It wouldn’t be summer without plump, juicy heirloom tomatoes piled high on a table at the farmers’ market, or containers of cherry tomatoes as sweet as raspberries reappearing in supermarkets for the season. Eating a rainbow of produce is an effective—and tasty—way to ensure intake of a wide array of nutrients and phytochemicals; and just within the tomato family itself, you can find red, green, yellow, orange, and purple varieties.
With their low carbohydrate content, fiber, and complement of nutrients, tomatoes fit nicely into many different nutritional strategies, including vegetarian, low-carb, and Paleo-style diets. Due to tomatoes’ natural sweetness, people on very low carbohydrate diets sometimes avoid them, but this isn’t necessary. Tomatoes—particularly when they’re in season—are sweet, but although they have a slightly higher glycemic index than, say, spinach and broccoli, their glycemic load is extremely low. This means it would take a very large amount of tomatoes to have an adverse impact on blood sugar, although, of course, individual sensitivity to carbohydrate varies. They are a good source of vitamin C, vitamin K1, beta-carotene, and potassium.
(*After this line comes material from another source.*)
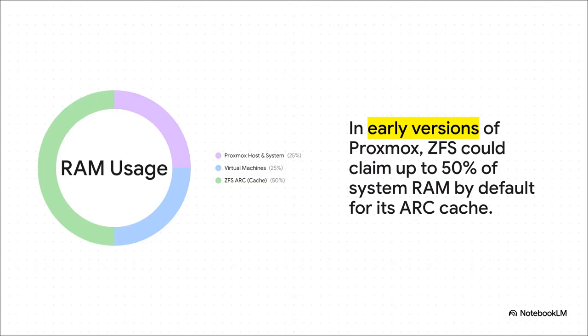To really understand why ZFS has this reputation, you have to look back a little. In older versions of Proxmox, the ARC could, by default, just straight up claim up to half of your entire system's RAM. Newer versions are way smarter about this, but it's still something you need to be aware of and probably tune yourself, just to make sure your actual VMs have enough memory to breathe.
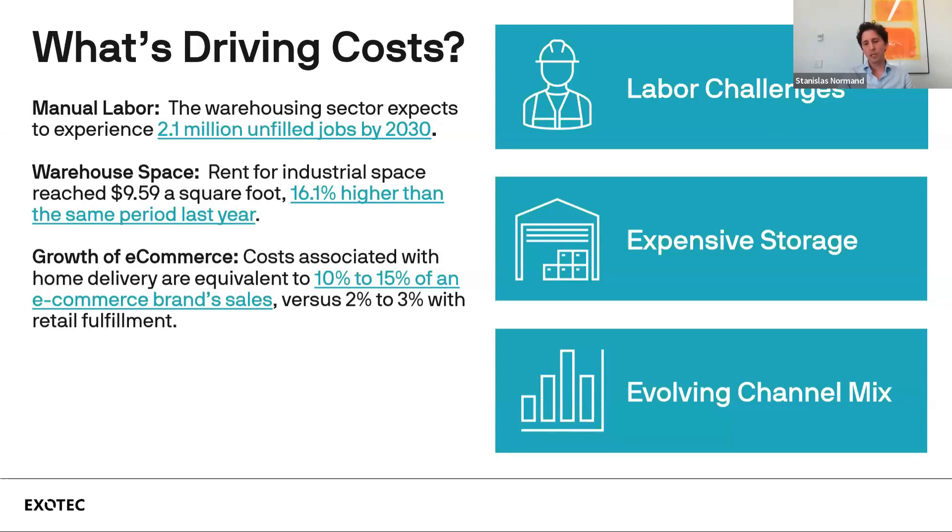The third driver is an evolving channel mix, and in particular the rise of e-commerce and its associated costs. Home delivery is one big driver — costs associated with that represent 10% to 15% of an e-commerce run sale, compared to an average of 2% to 3% for standard retail fulfillment.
Tomatoes are perhaps most touted for their antioxidant phytochemical, lycopene – best known for its role in men’s health (lycopene is the most abundant carotenoid found in the prostate gland). This great antioxidant has other beneficial roles worth mentioning. Lycopene may help prevent sunburn, and studies have shown it also has the potential to be mildly hypocholesterolemic via naturally inhibiting HMG CoA reductase, as well as increasing LDL receptor synthesis. Interestingly, lycopene concentration is higher in tomato products—such as tomato paste and tomato sauce—than in fresh tomatoes. As a fat-soluble carotenoid, the body absorbs lycopene best when taken with some fat—in case anyone needed an excuse to drizzle a fresh tomato salad with a little olive oil, or sprinkle some cheese over tomato sauce and zucchini noodles.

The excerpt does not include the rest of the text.